Coming out of one of the worst summers for room air conditioners in years, members of the NECO Alliance, who gathered at Foxwoods resort, here, for the buying group’s annual Fall Expo convention and buying show, said they are weathering the storm and will turn the tide to their advantage.

Jay Lebowitz, president of Intercounty, based in Commack, N.Y., one of a handful of chapters that comprise the consortium of independent Northeast brown- and white-goods dealers, said “It was one of the worst years in air conditioning. A good year is 85 percent to 90 percent sell-through, a medium year is 70 percent to 75 percent, and this year, the sellthrough was 40 percent to 50 percent.”
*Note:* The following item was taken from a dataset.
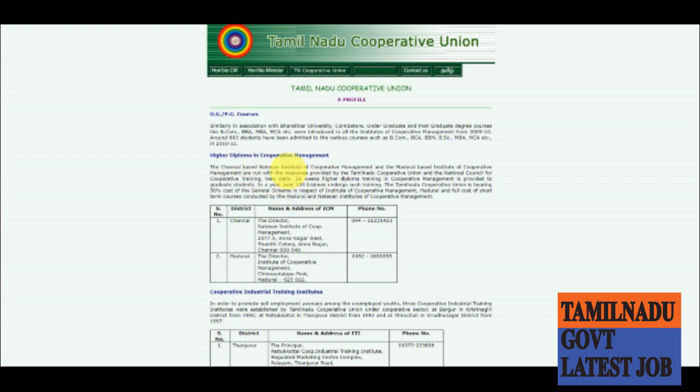You can apply for the higher diploma course found in the description box — you can apply it online. This is the National Counseling for Co-operative Training. There are 36 weeks of higher diploma training in Co-operative Management provided to graduate students.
Lebowitz said many members have arranged with suppliers for credit on unsold air conditioners or refinancing. “It’s the lost cash flow that hurts,” he explained, adding that one of the main challenges in room air conditioning this year was not only the cool weather and lower prices but distribution. “Five-thousand-Btu units were stacked up at A&P, in lumberyards and even in Pep Boys,” he noted. “Pep Boys is even trying to get into LCDs.”

Despite the poor AC season, members said the group’s comparable sales were up by single digits for the year overall. If not for room air conditioning, they said, sales would have been up by double digits.

NECO hopes to recoup lost profits by focusing heavily on television, a category they say they let slip under the radar, essentially giving that business up to “big box retailers.”

Explained Vinnie Capuano, president of the DMI group in Brooklyn, N.Y., the big box retailers were discounting 13-inch, 20-inch and 27-inch direct-view TVs so heavily that NECO focused its attention elsewhere. “It slipped away from us,” Capuano said. “Now, we’re coming back and I think we’ll do a fabulous job. It’s what we do best.”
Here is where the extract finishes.